How to use the calculator

1. Enter the coordinates of the first point in the Point 1 fields.
2. Enter the coordinates of the second point in the Point 2 fields.
3. Click the Calculate Distance button to see the result.

2D vs 3D:

• For a 2D distance, fill in x and y for both points and leave the z fields blank.
• For a 3D distance, fill in x, y, and z for both points.

The calculation runs entirely in your browser. The coordinates you type are not sent to a server.

Worked examples

Example 1: 2D distance

Suppose you have two points in the plane:

• Point 1: (x₁, y₁) = (1, 2)
• Point 2: (x₂, y₂) = (5, 5)

Step 1: Compute the differences:

• Δx = x₂ − x₁ = 5 − 1 = 4
• Δy = y₂ − y₁ = 5 − 2 = 3

Step 2: Apply the 2D distance formula:

d = √[(Δx)² + (Δy)²] = √[(4)² + (3)²] = √(16 + 9) = √25 = 5

The straight-line distance between (1, 2) and (5, 5) is 5 units.

Example 2: 3D distance

Now consider two points in 3D space:

• Point 1: (x₁, y₁, z₁) = (2, −1, 3)
• Point 2: (x₂, y₂, z₂) = (6, 2, 7)

Step 1: Compute the coordinate differences:

• Δx = 6 − 2 = 4
• Δy = 2 − (−1) = 3
• Δz = 7 − 3 = 4

Step 2: Apply the 3D distance formula:

d = √[(Δx)² + (Δy)² + (Δz)²] = √[(4)² + (3)² + (4)²] = √(16 + 9 + 16) = √41

Numerically, √41 ≈ 6.403. So the straight-line distance between the two 3D points is about 6.403 units.
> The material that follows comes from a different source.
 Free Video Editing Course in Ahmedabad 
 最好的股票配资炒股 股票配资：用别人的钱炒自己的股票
Common uses and interpretation

Interpreting the result is straightforward: the distance tells you how far apart the two points are in a straight line, using the same units as your coordinates (meters, kilometers, inches, etc.). A larger value means the points are farther apart.

Typical uses include:

• Geometry and algebra: solving problems that ask for the length of a segment between two coordinates.
• Physics: computing displacement between positions in 2D or 3D.
• Engineering and CAD: checking clearances and dimensions between features in a model.
• Computer graphics and games: measuring distances between objects, for example for collision detection.
• Data analysis: using Euclidean distance as a simple measure of how similar or different two data points are.
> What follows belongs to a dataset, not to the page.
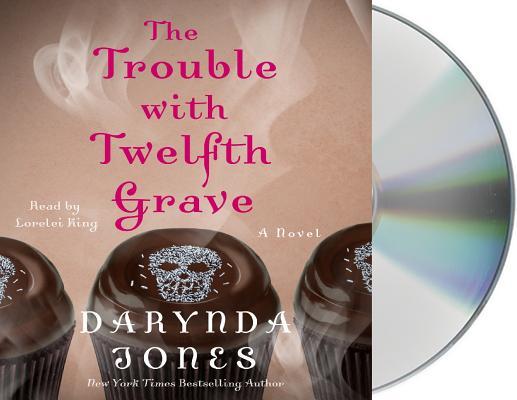 The Trouble with Twelfth Grave (Charley Davidson, #12)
Because the formula is based on squared differences, negative coordinate values do not cause problems. Only the relative differences between the coordinates matter, and the final distance is always non‑negative.

2D vs 3D distance: comparison

The table below compares the key features of the 2D and 3D formulas used by this calculator.

Assumptions and limitations

This calculator makes several important assumptions:

• Euclidean straight-line distance: It uses the standard Euclidean metric. The result is the length of the straight line between two points, not the length of any path that might bend or turn.
• Cartesian coordinates: The formulas assume you are working in a Cartesian coordinate system where the x, y, and z axes are perpendicular and measured in consistent units.
• Flat space approximation: For geographic locations on Earth, it does not account for the planet’s curvature. For long distances on the globe, you would need great‑circle or geodesic formulas instead.
• No obstacles or networks: Real‑world travel distance along roads, corridors, or other constrained paths is usually longer than the straight‑line distance returned here.
• Numeric precision: The computation uses standard floating‑point arithmetic in your browser. Extremely large or small values, or many decimal places, can introduce small rounding errors.

If you keep these assumptions in mind, the distance formula is a reliable and widely applicable tool for measuring how far apart two points are in both 2D and 3D settings.